By 1942 the number of females in offices, as secretaries, brought about the formation of the National Secretaries Association (NSA) in the USA, changing to the International Association of Administrative Professionals (IAAP) in 1998. Secretarial positions are again moving away from being gender-specific, with the appointment of men becoming more socially acceptable again. Fifty-four years after the creation of the NSA, a new industry sector has emerged, viz the “Virtual Assistant”.
The beginning of the Virtual Assistant industry
The Virtual Assistant industry is not as new as most people assume. Many online articles link the ‘start date’ to the year 1996, but it is, in fact, a few years earlier in 1992. A female entrepreneur, Anastacia Brice, left her mainstream employment with the wish to work from home. Clearly, decades ahead of her time, she established a remote-based business of travel planning and executive assistance in 1992 for business owners and C-category executives. In 1996, she became the virtual assistant to the owner of Coach U, Thomas J. Leonard, and in 1997, Ms Brice founded AssistU, a dedicated virtual assistance business.
Today, virtual assistant services range from call centres in Asia, which are cheaper, to highly specialised options with specific language, profession, or technical capabilities. With technology making the services seamless and more diverse, the services offered are almost unlimited, bar the making of tea or pouring your whisky.
Virtual assistants can assist in every industry, from medical to real estate to space exploration. All industries need back-office, front desk, or administrative support.
It is estimated that approximately 90% of Virtual Assistants are women who are balancing home and child care with work. This balance creates a motivated, healthy workforce who are deeply invested in their work.
The industry continues to grow globally, and the past two years have seen many other positions become virtual or remote jobs. The Virtual Assistance industry in the Philippines, for example, consists of an estimated 20,000 people and contributes to approximately 2.5% of the Philippines’ GDP. In the UK, an expected ‘mobilepreneur’ revolution over the next three years, which should add £790million to the GDP, is also anticipated to generate 35,000 new jobs, including virtual assistants.

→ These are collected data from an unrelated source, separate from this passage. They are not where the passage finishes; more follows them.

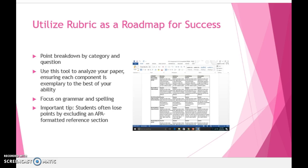The grading rubric is an incredibly useful tool to ensure your responses to the assignment's questions are as complete as possible. Please utilize the rubric to double-check your work when submitting, as well as learning from any mistakes when the grader returns your graded assignment. The grader will include not only the point score for each section, but also comments or notes in the last column. Reviewing the grader's notes is one of the best ways to improve your critical thinking skills and writing abilities.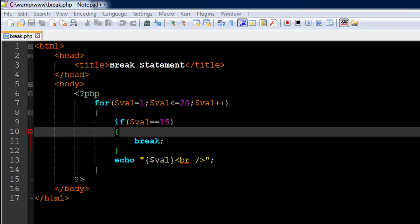Hello guys, welcome to my channel. This is the 32nd tutorial in this course, and in this tutorial we're going to talk about the break statement in PHP.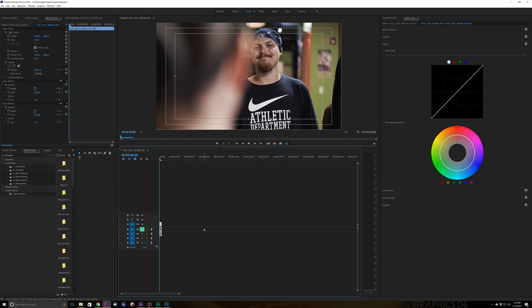Hey guys and welcome to another edition of Tutorial Grid. Now on this tutorial we're going to teach you how to remove logos and things from t-shirts on a slider shot.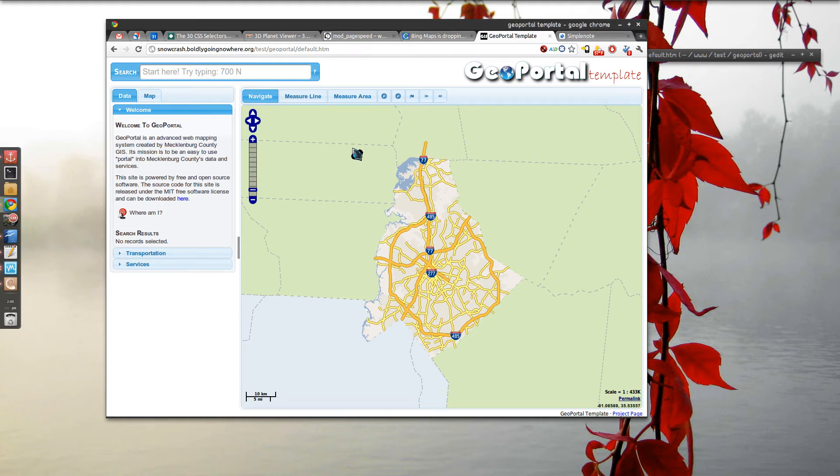Hey, it's Tobin. I just wanted to give you a quick look at the Google Earth integration with the GeoPortal project.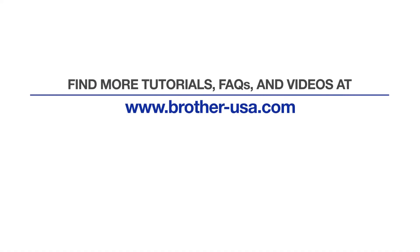For more tutorials, FAQs and videos, visit us at brother-usa.com/support.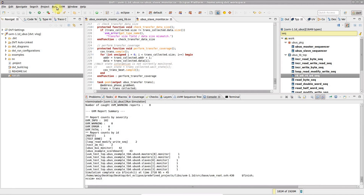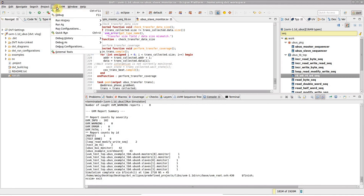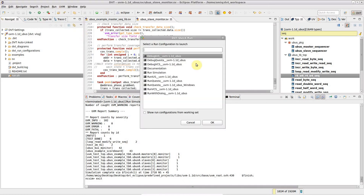To bring up a searchable list of all the dbt generic run configurations, go to Run, Quick Run, or just press Ctrl-U.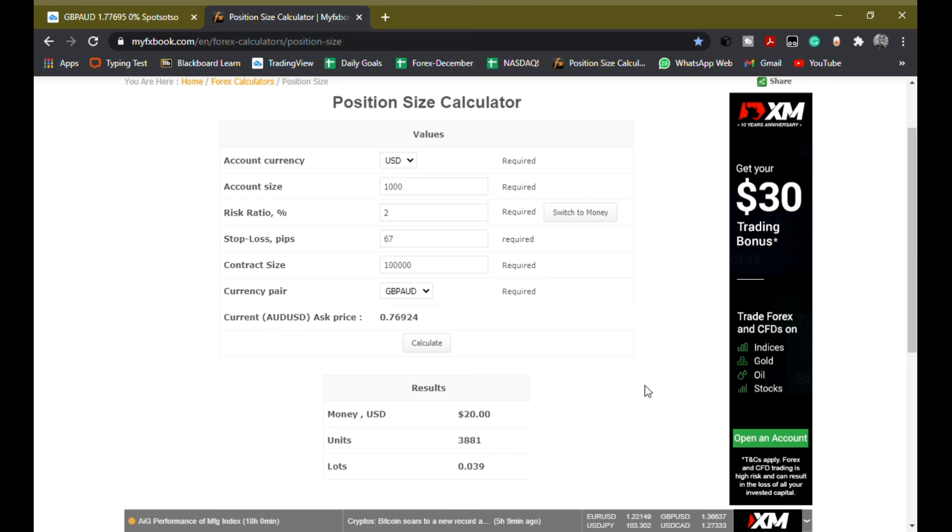And that's all you need to know about calculating the lot size. So be sure to like, comment, and subscribe.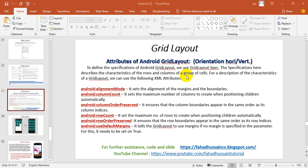Hi and welcome to the Android mobile application course. This is Fahad Hussain. In previous sessions we discussed what is actually layout and we discussed three different types of layout.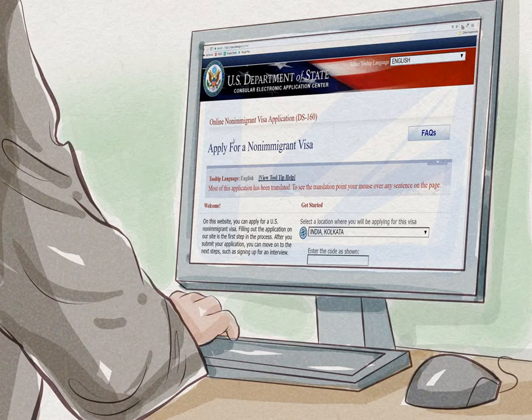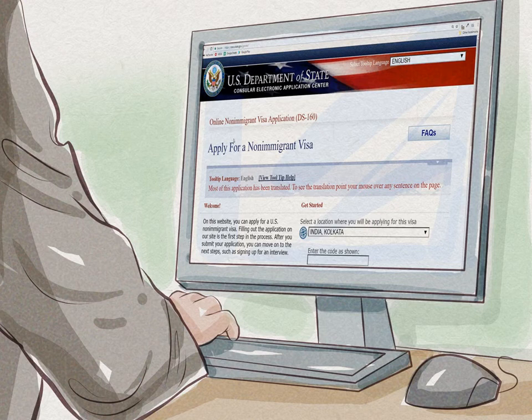Complete the application online. Form DS-160 is available online at https://ceac.state.gov/genniv/. You will need to select your location from the drop-down menu. Follow the instructions on the page when answering questions. You can check your answers before submitting them. You will upload your digital picture to the application; if it won't load, then you'll take a picture to your interview. Remember to print off the confirmation screen that contains a barcode.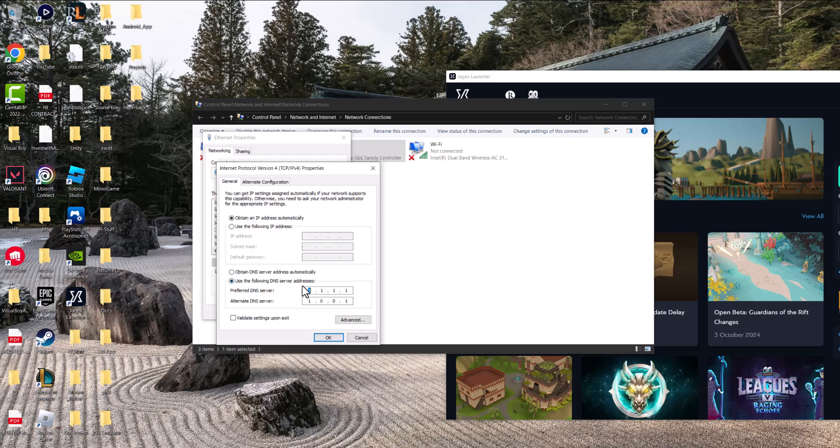which is the second one, and update it to 1.1.1.1 and alternate to 1.0.0.1. Press OK, restart your computer, restart the client, play the game, and you should be good to go. You should not have this error persist any longer.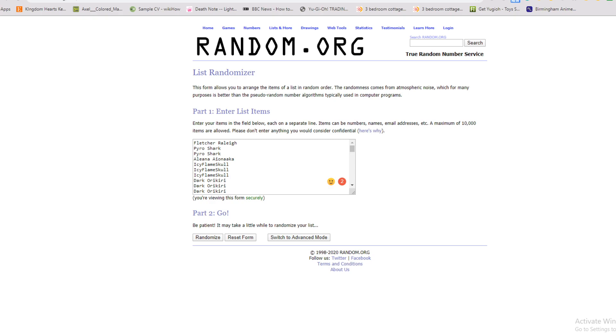The way this is going to be decided is when I click this little randomize button here, whichever name is at the top will be the winner and they will get their prize of choice.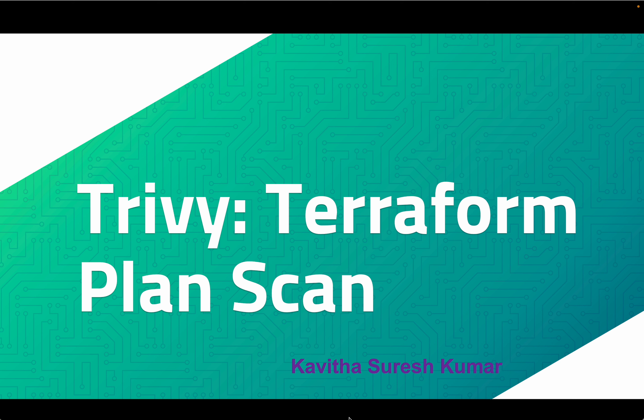Hi, this is Kavitha Suresh Kumar, and in this video I'm going to demonstrate how to do a Terraform plan scan using Trivy.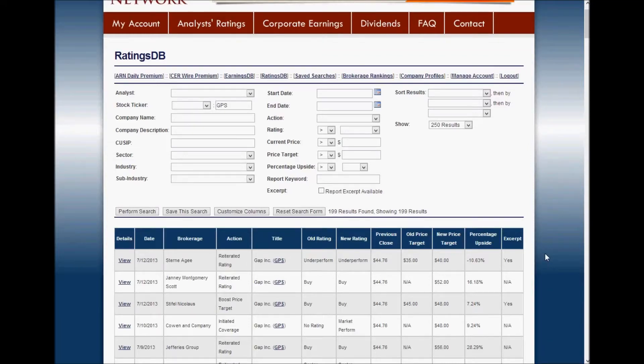Hi, this is Matthew Paulson with Analyst Ratings Network. I wanted to take a moment to introduce you to RatingsDB, our advanced stock research tool that provides exclusive access to Analyst Ratings Network's database of hundreds of thousands of stock ratings.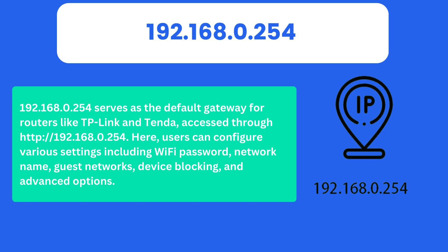Here, users can configure various settings including Wi-Fi password, network name, guest networks, device blocking, and advanced options.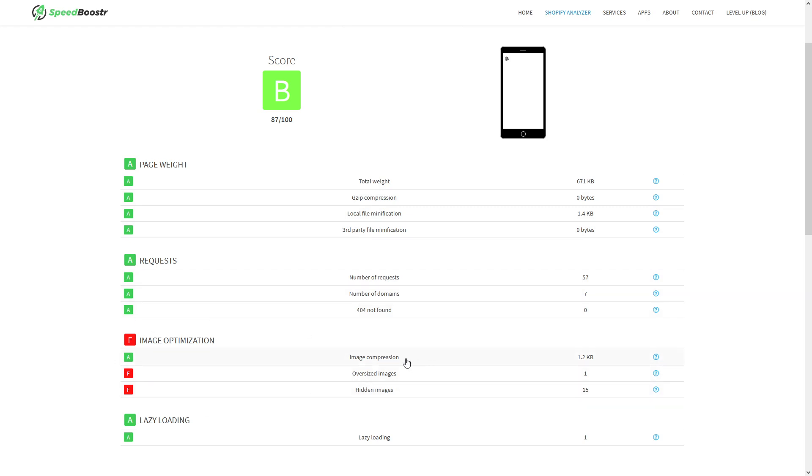Like oversized images and hidden images—those are quite common. In fact, what you could do is, if you scan your website and see a problem, you can click on it.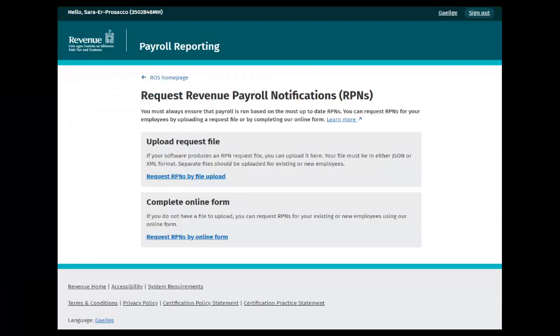You will be brought to the Request RPNs screen. Here you have the option to request RPNs either by uploading a file or completing an online form. Click Request RPNs by online form to proceed.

How to hire a Virtual Assistant
A virtual assistant is a remote-based freelancer who provides administrative help with diverse professional functions that support a company in achieving its goals. They will use technological tools to carry out the tasks and to give you task tracking ability.

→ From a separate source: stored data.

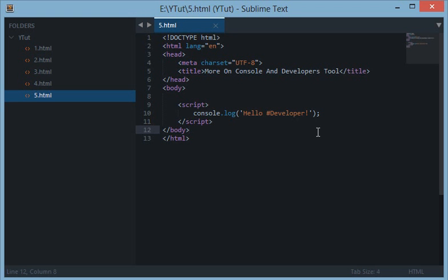Hello everyone and welcome to your fifth JavaScript tutorial. In this tutorial we will be looking more on console and developers tools. In the last tutorial we learned how to write commands to console in the browser's developers tool.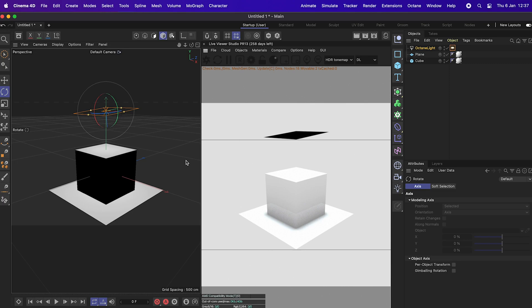And I think that's it. So you should now be able to run Octane on your Cinema 4D. If you have any more comments or questions, or if it doesn't work for you, please just leave a comment down below. And I'll try and help the best that I can. And that's it for me. So thank you so much. And I hope this helps.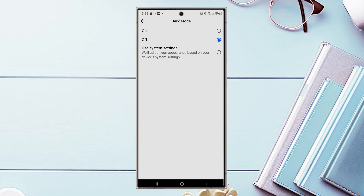And there you have it, everyone — just a quick tip on how to turn on dark mode for Facebook on your Samsung Galaxy S24 device.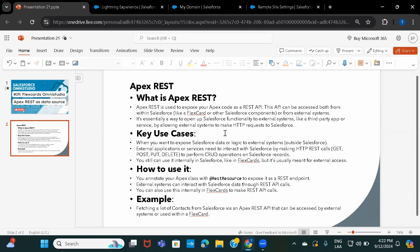Whenever you're writing your Apex class and writing any method, if you want to access that method just within Salesforce, or even if you are designing it like a REST API but you don't want to expose it to any external systems — you are only planning to access it inside Salesforce components — that is when you use Apex Remote. But in Apex REST, when you want to expose your Apex code as a REST API to external systems, that is when you use this data source type.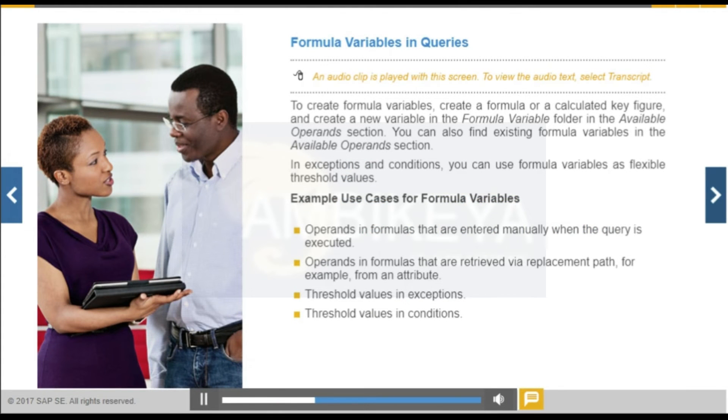Formula variables represent numerical values. You can use formula variables in formulas.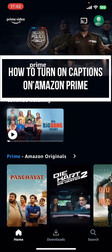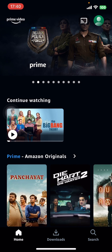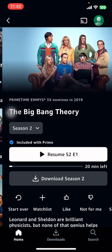Hey everyone, welcome back to our channel Take Two One. In today's video, I'm going to show you how to turn on captions on Prime Video. It's very quick and easy, so let's get started.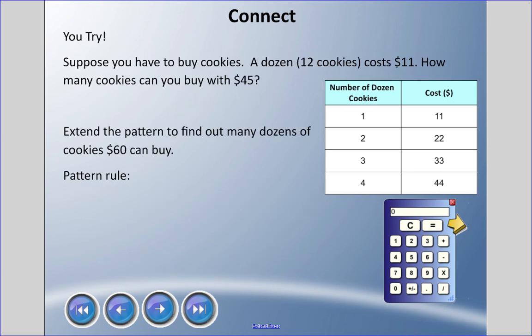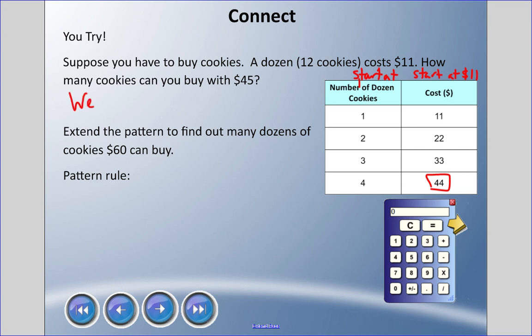Now try this one: suppose you have to buy cookies. A dozen cookies — twelve cookies — costs eleven dollars. How many dozen cookies can you buy with forty-five dollars? Looking at the table, the number of dozens goes up by one and the cost starts at eleven dollars and increases by eleven each time. Four dozen cookies costs forty-four dollars, which is very close to forty-five, and we can't spend forty-five exactly, so we can buy four dozen cookies.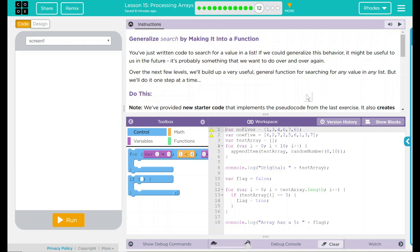Hey kids, welcome to Lesson 15, Processing Arrays. Generalizing search by making it into a function.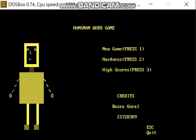This is the menu screen and there are some options and information about me. The high score option is not working and there is also hardness selection. The default level is easy.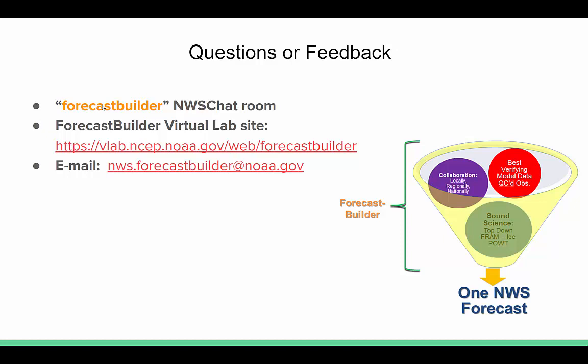This concludes the training. If you have any questions or feedback, we always welcome that. You can do so through the Forecast Builder NWS chat room, post a comment on the forum on the Forecast Builder VLab site, or email us at nws.forecastbuilder@noaa.gov. Thank you for listening.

In order for you to get the best match of assistant-to-needs, we recommend you follow these steps:
Step 1: Define your needs – While the services will have general headings, the combination or basket of services will be different per business or entrepreneur. Every virtual assistant business will have unique strengths, so the more precise you are with defining your needs, the better your match will be to a Virtual Assistant.
Step 2: Post the position – Advertise the position online and add a few litmus tests in the posting to filter out, for example, individuals who pay attention to detail, have legal skills, or have proficiency in English.

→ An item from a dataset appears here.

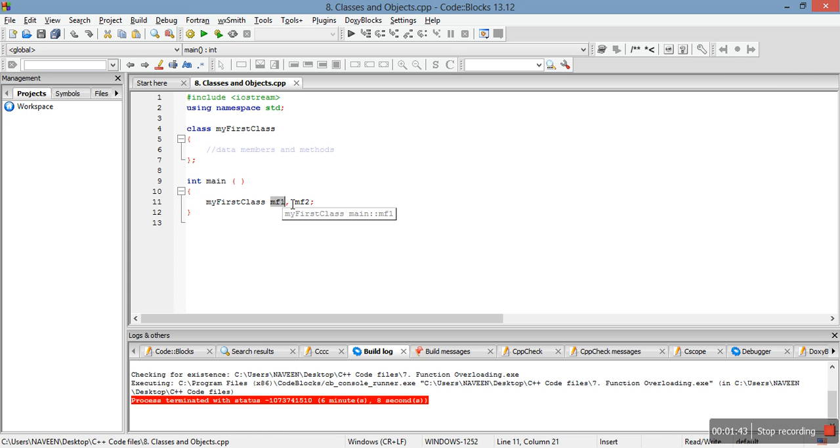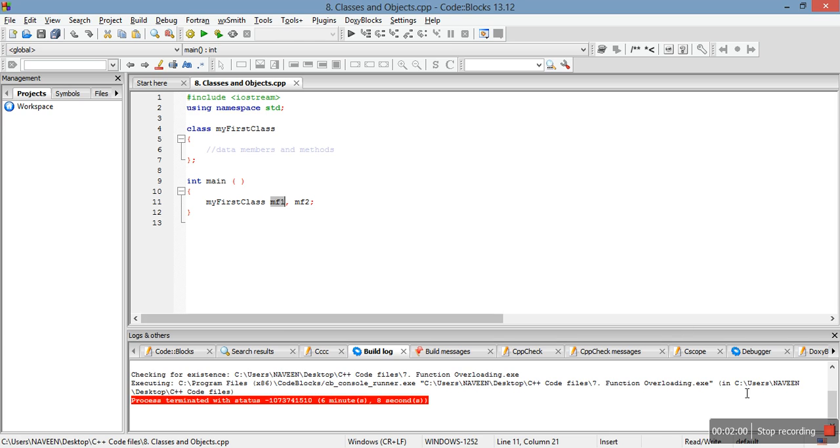In the next video we'll study about access specifiers. Before that, in the next video we'll study how we access the class members in C++ - that is, the data members and member functions - how can we give a value to them and how can we call them. Thank you.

Step 3: Remote interviews – Interview your shortlist remotely, testing punctuality, comfort with technology, and language and social interaction skills. Get all applicants to complete test tasks related to future tasks but be cognisant that they are not familiar with your needs.
Step 4: Probation period – Nominate the winning candidate on the basis of a paid probation period with a contract. The freelancer must set up a contract for you to sign as a client, with an end date (probation end date) and a clause stating that early notice, of a few days, can be given by either party. Freelancers have no rights to notice periods but giving a few days notice is fair play. Hopefully, it works out well, and you can sign a longer contract.